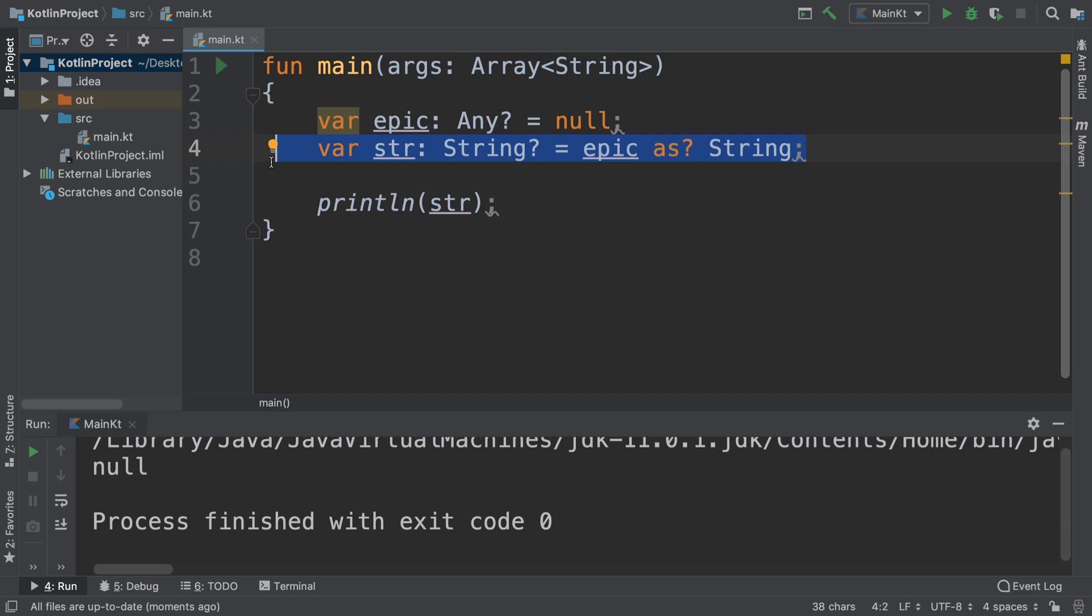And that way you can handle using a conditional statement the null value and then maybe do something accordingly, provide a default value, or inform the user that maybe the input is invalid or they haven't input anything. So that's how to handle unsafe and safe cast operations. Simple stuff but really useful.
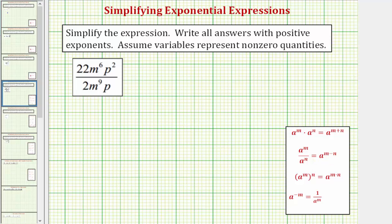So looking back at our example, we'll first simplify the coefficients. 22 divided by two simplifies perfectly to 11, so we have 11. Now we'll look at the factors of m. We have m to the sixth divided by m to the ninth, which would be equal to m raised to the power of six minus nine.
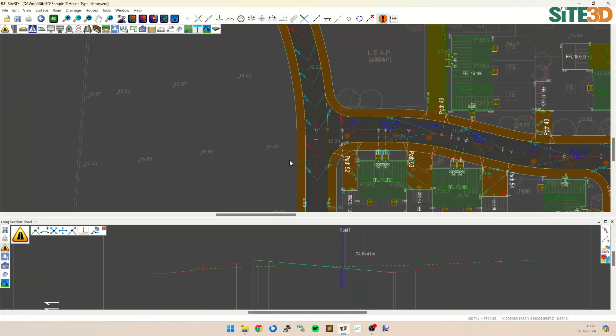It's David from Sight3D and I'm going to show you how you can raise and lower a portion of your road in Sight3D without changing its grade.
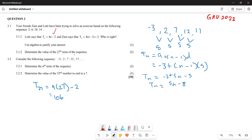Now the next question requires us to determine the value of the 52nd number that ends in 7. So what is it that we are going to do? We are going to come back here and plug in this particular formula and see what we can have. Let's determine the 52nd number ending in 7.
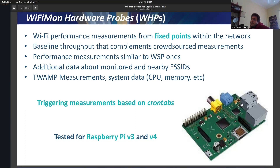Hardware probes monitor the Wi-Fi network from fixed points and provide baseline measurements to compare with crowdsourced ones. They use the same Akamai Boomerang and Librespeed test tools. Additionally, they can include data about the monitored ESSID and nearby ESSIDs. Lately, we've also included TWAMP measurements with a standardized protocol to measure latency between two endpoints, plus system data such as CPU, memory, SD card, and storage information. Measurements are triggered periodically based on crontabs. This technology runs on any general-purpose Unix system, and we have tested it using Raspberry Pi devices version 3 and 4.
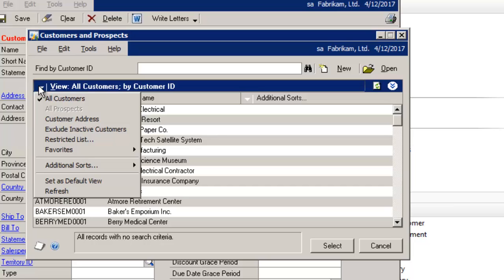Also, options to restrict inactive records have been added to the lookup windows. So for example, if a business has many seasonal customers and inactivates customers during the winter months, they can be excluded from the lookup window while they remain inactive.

### DIRECTIONS
All of the lines above should be printed exactly, minus the pictures.

### WRITTEN SOLUTION
And that way you can handle using a conditional statement the null value and then maybe do something accordingly, provide a default value, or inform the user that maybe the input is invalid or they haven't input anything. So that's how to handle unsafe and safe cast operations. Simple stuff but really useful.
So looking back at our example, we'll first simplify the coefficients. 22 divided by two simplifies perfectly to 11, so we have 11. Now we'll look at the factors of m. We have m to the sixth divided by m to the ninth, which would be equal to m raised to the power of six minus nine.
It's David from Sight3D and I'm going to show you how you can raise and lower a portion of your road in Sight3D without changing its grade.
Now the next question requires us to determine the value of the 52nd number that ends in 7. So what is it that we are going to do? We are going to come back here and plug in this particular formula and see what we can have. Let's determine the 52nd number ending in 7.
Hardware probes monitor the Wi-Fi network from fixed points and provide baseline measurements to compare with crowdsourced ones. They use the same Akamai Boomerang and Librespeed test tools. Additionally, they can include data about the monitored ESSID and nearby ESSIDs. Lately, we've also included TWAMP measurements with a standardized protocol to measure latency between two endpoints, plus system data such as CPU, memory, SD card, and storage information. Measurements are triggered periodically based on crontabs. This technology runs on any general-purpose Unix system, and we have tested it using Raspberry Pi devices version 3 and 4.
Also, options to restrict inactive records have been added to the lookup windows. So for example, if a business has many seasonal customers and inactivates customers during the winter months, they can be excluded from the lookup window while they remain inactive.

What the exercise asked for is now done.